_Data in this exercise_.
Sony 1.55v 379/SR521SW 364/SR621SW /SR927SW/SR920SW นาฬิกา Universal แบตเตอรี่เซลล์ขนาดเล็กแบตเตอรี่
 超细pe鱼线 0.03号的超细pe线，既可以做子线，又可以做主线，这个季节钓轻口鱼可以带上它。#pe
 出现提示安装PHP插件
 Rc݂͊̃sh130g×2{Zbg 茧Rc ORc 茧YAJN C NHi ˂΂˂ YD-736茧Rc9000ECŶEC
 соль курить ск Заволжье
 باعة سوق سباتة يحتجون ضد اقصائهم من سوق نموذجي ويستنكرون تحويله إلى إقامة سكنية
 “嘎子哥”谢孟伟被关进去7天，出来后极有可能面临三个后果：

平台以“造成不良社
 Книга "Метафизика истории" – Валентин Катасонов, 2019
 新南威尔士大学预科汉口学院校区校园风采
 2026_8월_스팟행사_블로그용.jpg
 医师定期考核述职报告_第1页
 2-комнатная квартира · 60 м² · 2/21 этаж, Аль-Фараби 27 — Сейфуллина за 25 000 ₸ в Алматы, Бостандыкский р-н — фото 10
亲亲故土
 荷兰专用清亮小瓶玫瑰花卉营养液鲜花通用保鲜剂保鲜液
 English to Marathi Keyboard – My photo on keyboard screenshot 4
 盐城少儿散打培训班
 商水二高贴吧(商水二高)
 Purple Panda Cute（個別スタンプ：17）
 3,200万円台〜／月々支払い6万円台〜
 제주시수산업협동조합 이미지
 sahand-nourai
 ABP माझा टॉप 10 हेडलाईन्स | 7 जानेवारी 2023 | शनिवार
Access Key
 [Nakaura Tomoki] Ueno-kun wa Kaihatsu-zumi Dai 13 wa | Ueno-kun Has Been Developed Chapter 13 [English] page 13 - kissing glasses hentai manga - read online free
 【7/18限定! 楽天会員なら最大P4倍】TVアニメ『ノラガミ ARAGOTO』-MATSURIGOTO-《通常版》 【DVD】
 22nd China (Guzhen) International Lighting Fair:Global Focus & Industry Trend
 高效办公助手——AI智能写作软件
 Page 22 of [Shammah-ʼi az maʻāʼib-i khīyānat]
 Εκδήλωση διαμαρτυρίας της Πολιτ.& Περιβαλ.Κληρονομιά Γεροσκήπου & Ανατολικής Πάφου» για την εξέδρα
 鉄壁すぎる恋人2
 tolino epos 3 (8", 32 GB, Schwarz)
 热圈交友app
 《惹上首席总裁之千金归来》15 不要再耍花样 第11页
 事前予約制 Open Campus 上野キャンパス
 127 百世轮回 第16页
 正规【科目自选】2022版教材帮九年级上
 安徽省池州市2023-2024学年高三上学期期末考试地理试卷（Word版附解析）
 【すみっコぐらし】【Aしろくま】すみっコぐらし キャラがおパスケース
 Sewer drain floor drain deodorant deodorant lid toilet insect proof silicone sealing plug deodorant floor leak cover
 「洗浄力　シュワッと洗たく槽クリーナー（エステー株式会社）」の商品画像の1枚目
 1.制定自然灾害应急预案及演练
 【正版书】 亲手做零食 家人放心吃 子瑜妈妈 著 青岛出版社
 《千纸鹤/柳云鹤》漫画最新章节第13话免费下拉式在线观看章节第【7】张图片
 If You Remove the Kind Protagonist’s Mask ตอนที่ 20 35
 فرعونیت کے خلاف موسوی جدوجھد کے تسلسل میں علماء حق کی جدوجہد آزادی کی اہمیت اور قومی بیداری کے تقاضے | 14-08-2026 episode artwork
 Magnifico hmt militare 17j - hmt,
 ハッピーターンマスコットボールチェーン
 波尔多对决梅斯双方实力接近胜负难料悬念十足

_What is required_.
Scan the lines above for "sahand-nourai" and for "127 百世轮回 第16页". Repeat exactly the line holding each of them and every line in between.

_Exercise output_.
 sahand-nourai
 ABP माझा टॉप 10 हेडलाईन्स | 7 जानेवारी 2023 | शनिवार
Access Key
 [Nakaura Tomoki] Ueno-kun wa Kaihatsu-zumi Dai 13 wa | Ueno-kun Has Been Developed Chapter 13 [English] page 13 - kissing glasses hentai manga - read online free
 【7/18限定! 楽天会員なら最大P4倍】TVアニメ『ノラガミ ARAGOTO』-MATSURIGOTO-《通常版》 【DVD】
 22nd China (Guzhen) International Lighting Fair:Global Focus & Industry Trend
 高效办公助手——AI智能写作软件
 Page 22 of [Shammah-ʼi az maʻāʼib-i khīyānat]
 Εκδήλωση διαμαρτυρίας της Πολιτ.& Περιβαλ.Κληρονομιά Γεροσκήπου & Ανατολικής Πάφου» για την εξέδρα
 鉄壁すぎる恋人2
 tolino epos 3 (8", 32 GB, Schwarz)
 热圈交友app
 《惹上首席总裁之千金归来》15 不要再耍花样 第11页
 事前予約制 Open Campus 上野キャンパス
 127 百世轮回 第16页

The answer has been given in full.